In the battle to get commuters out of their cars, electric bikes are regularly cited as an eco-option, particularly for those who live too far away from work to cycle, or those with injuries or fitness problems, or those who are just too lazy to cycle. They also get rid of the excuse that you don’t cycle because you don't want to arrive at work dripping with sweat. One enthusiast even suggested to me that the energy saved by not showering cancels out the energy used to power the bike, making it just as green as regular cycling.
A comforting thought for our cyclist’s friends and colleagues. Sadly, Mr Finn’s 13-mile test ride didn’t go terribly well.
After a while, however, as the motor began to lose its charge, the bike began to struggle. Hills needed pedalling up, and were almost as much effort as on a normal bike - the now feeble pull of the motor being virtually cancelled out by the added weight of the bike. I wouldn’t want to get caught out and about with a flat battery. By the end I was sweating.

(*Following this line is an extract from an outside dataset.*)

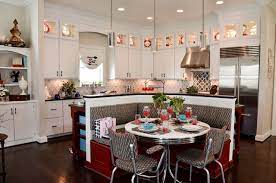 Wallpaper by hines & company, and herringbone flooring complete the look. 10 Kitchen Islands That Feature Banquette Seating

Which brings us to the thorny matter of deodorant and the agonies of making the most Gaia-friendly choice. Thankfully, there are numerous eco-conscious personal hygiene products to fret over, including hemp seed oil and, perhaps surprisingly, bicarbonate of soda, which is applied either by hand or with a brush and can be bought by the kilo. However, the most remarkable product is almost certainly Dr Mist, which “flushes out toxins” while healing minor flesh wounds and is described by its makers as “a concept to respect human self-esteem.”
Mr Finn has previously wrestled with the cultivation of a green CV and such pressing moral questions as Are Ceramic Cups Really More Ethical Than Disposables?